Saturday, February 07, 2009

Writing

I write best when I am desperate, frustrated, messed up and almost dying. Which is a good thing. It’s a very basic sort of paradox if something of substance can come out of such a mess. Not quite recycling, no.. This is some sort of bizarre catalysis. Do writers, poets and artists live in misery of their own making to foster their creativity or do their circumstances make them writers, poets and artists in the first place? Now that’s very pedestrian. If it were, in fact, so simple, then most of the world’s people are in reality brilliant writers, poets and artists just waiting to explode and exude talent. Why is it that the world never gets to be dazzled by their brilliance? Because not everyone lets off steam in the same way. So is that all that it is, after all? Letting off steam. And when the fog clears it leaves behind some sort of wondrous thought provoking creation which suggests extraordinary ability on the part of the creator. Is that the way it is, then?

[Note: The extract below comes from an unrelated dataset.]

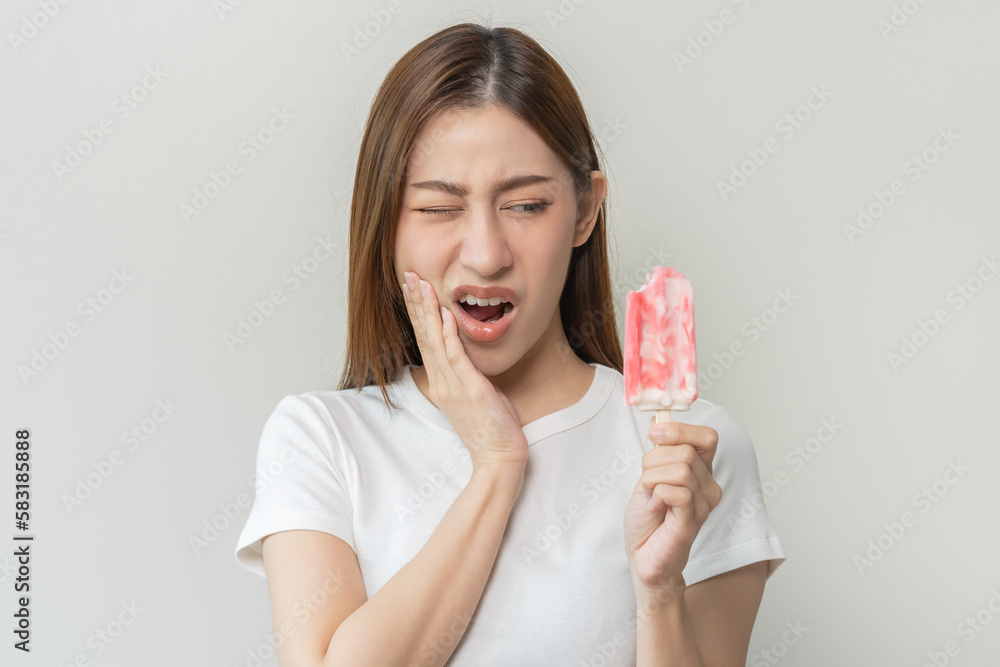 Face expression suffering from sensitive teeth and cold, asian young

The quality of writing is perhaps best measured by the effect it produces on the reader. No, not just the magnitude of effect, but the nature of the influence it can have. The slightest hint of a change in thought process is far more powerful than merely provoking disgust, revulsion or anger. Something that can make a person go “Hmmm” and stays in his or her mind, surfacing time and again, realigning the way he or she thinks about something or the other. That’s the power of writing. That’s where writing can result in more than just entertainment, and be more than just words.